WHAT TO WORK ON:
All of the entries need to be set down exactly as they read.

━━━ INPUT

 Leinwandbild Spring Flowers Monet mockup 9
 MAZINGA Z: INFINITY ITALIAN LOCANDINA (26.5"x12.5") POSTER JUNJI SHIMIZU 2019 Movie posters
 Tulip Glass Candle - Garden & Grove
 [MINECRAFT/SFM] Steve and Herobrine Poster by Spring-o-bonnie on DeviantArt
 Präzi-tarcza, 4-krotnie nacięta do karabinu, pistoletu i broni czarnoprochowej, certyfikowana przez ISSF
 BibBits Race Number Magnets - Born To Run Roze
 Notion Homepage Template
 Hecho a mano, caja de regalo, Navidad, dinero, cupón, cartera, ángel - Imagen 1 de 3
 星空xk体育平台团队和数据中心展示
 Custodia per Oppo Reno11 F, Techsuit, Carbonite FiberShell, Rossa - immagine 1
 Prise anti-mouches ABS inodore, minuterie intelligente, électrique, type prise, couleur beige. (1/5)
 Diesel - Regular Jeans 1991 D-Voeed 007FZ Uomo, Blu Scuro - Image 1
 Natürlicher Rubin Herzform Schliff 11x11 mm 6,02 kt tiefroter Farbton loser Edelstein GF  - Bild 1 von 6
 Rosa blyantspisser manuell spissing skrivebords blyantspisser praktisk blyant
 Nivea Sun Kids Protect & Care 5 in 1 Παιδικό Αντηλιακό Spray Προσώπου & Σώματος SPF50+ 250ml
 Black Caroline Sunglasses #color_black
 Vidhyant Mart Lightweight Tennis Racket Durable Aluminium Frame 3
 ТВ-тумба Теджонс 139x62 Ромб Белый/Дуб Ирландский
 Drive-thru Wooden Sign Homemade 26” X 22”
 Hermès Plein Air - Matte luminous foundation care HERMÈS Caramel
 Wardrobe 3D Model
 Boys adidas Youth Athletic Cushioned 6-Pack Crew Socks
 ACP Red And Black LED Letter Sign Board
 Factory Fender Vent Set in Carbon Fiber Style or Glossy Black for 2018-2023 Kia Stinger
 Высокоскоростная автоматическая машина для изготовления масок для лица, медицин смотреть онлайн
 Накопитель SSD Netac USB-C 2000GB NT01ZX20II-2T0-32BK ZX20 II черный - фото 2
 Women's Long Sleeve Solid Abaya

━━━━━━

RESPONSE:
 Leinwandbild Spring Flowers Monet mockup 9
 MAZINGA Z: INFINITY ITALIAN LOCANDINA (26.5"x12.5") POSTER JUNJI SHIMIZU 2019 Movie posters
 Tulip Glass Candle - Garden & Grove
 [MINECRAFT/SFM] Steve and Herobrine Poster by Spring-o-bonnie on DeviantArt
 Präzi-tarcza, 4-krotnie nacięta do karabinu, pistoletu i broni czarnoprochowej, certyfikowana przez ISSF
 BibBits Race Number Magnets - Born To Run Roze
 Notion Homepage Template
 Hecho a mano, caja de regalo, Navidad, dinero, cupón, cartera, ángel - Imagen 1 de 3
 星空xk体育平台团队和数据中心展示
 Custodia per Oppo Reno11 F, Techsuit, Carbonite FiberShell, Rossa - immagine 1
 Prise anti-mouches ABS inodore, minuterie intelligente, électrique, type prise, couleur beige. (1/5)
 Diesel - Regular Jeans 1991 D-Voeed 007FZ Uomo, Blu Scuro - Image 1
 Natürlicher Rubin Herzform Schliff 11x11 mm 6,02 kt tiefroter Farbton loser Edelstein GF  - Bild 1 von 6
 Rosa blyantspisser manuell spissing skrivebords blyantspisser praktisk blyant
 Nivea Sun Kids Protect & Care 5 in 1 Παιδικό Αντηλιακό Spray Προσώπου & Σώματος SPF50+ 250ml
 Black Caroline Sunglasses #color_black
 Vidhyant Mart Lightweight Tennis Racket Durable Aluminium Frame 3
 ТВ-тумба Теджонс 139x62 Ромб Белый/Дуб Ирландский
 Drive-thru Wooden Sign Homemade 26” X 22”
 Hermès Plein Air - Matte luminous foundation care HERMÈS Caramel
 Wardrobe 3D Model
 Boys adidas Youth Athletic Cushioned 6-Pack Crew Socks
 ACP Red And Black LED Letter Sign Board
 Factory Fender Vent Set in Carbon Fiber Style or Glossy Black for 2018-2023 Kia Stinger
 Высокоскоростная автоматическая машина для изготовления масок для лица, медицин смотреть онлайн
 Накопитель SSD Netac USB-C 2000GB NT01ZX20II-2T0-32BK ZX20 II черный - фото 2
 Women's Long Sleeve Solid Abaya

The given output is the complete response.